Automation Checklist

If you answer yes to any of these questions, then your test should be seriously considered for automation.

Can the test sequence of actions be defined?

Is it useful to repeat the sequence of actions many times? Examples of this would be Acceptance tests, Compatibility tests, Performance tests, and regression tests.

Is it necessary to repeat the sequence of actions many times? (See Testing Computer Software, pg. 196 and 282).

Is it possible to automate the sequence of actions? This may determine that automation is not suitable for this sequence of actions.

Is it possible to "semi-automate" a test? Automating portions of a test can speed up test execution time.

Is the behavior of the software under test the same with automation as without? This is an important concern for performance testing.

Are you testing non-UI aspects of the program?
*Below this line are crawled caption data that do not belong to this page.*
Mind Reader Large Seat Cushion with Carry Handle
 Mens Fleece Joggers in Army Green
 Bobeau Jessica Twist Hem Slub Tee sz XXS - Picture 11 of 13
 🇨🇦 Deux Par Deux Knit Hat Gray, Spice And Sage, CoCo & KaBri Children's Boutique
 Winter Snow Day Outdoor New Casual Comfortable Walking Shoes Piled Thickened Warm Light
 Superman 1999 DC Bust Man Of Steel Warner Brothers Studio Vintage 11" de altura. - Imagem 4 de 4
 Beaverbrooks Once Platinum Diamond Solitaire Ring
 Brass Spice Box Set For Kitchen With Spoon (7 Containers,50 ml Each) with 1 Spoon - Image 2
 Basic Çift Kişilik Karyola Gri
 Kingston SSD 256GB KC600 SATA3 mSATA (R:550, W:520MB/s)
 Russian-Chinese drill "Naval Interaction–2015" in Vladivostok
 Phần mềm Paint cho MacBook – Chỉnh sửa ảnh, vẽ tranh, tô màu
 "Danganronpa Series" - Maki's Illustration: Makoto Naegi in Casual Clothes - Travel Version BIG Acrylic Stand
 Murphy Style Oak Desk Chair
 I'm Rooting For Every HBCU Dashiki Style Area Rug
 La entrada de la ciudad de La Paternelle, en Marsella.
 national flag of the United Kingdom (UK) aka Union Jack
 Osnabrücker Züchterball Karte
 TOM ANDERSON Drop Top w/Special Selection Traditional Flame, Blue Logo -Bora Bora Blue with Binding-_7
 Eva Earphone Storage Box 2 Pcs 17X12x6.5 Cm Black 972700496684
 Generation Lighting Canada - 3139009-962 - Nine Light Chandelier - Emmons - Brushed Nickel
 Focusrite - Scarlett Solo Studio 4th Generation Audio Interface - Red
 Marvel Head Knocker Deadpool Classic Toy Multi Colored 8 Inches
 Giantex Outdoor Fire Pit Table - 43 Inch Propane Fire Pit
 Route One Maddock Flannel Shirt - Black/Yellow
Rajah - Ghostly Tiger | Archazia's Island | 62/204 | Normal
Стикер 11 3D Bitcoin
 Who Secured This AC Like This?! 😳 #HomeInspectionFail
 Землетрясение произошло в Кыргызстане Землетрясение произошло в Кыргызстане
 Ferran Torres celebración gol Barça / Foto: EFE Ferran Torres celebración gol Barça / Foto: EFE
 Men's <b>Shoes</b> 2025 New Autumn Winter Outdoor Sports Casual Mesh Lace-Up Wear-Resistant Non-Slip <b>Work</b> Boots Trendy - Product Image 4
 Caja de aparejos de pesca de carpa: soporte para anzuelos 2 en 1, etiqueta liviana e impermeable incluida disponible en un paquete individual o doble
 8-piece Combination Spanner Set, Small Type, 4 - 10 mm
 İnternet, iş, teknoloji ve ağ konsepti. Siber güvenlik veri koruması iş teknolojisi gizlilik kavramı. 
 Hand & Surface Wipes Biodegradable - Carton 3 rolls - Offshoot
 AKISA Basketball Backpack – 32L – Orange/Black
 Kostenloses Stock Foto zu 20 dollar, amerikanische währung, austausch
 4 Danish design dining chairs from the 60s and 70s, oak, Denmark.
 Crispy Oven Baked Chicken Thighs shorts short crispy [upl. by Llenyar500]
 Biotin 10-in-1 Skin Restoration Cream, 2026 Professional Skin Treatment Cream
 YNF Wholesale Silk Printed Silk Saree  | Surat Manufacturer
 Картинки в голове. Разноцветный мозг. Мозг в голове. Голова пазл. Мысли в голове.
Almost all non-UI functions can and should be automated tests.

Do you need to run the same tests on multiple hardware configurations? Run ad hoc tests (Note: Ideally every bug should have an associated test case. Ad hoc tests are best done manually. You should try to imagine yourself in real world situations and use your software as your customer would. As bugs are found during ad hoc testing, new test cases should be created so that they can be reproduced easily and so that regression tests can be performed when you get to the Zero Bug Build phase.) An ad hoc test is a test that is performed manually where the tester attempts to simulate real world use of the software product. It is when running ad hoc testing that the most bugs will be found. It should be stressed that automation cannot ever be a substitute for manual testing.

Alpha Phase

What is the Alpha Phase? Alpha marks the point in time when Development and QA consider the product stable and completed. The Alpha Phase is your last chance to find and fix any remaining problems in the software. The software will go from basically functional to a finely tuned product during this phase.

Why is the Alpha Phase important? Alpha marks a great accomplishment in the development cycle. The code is stable and the most major bugs have been found and fixed.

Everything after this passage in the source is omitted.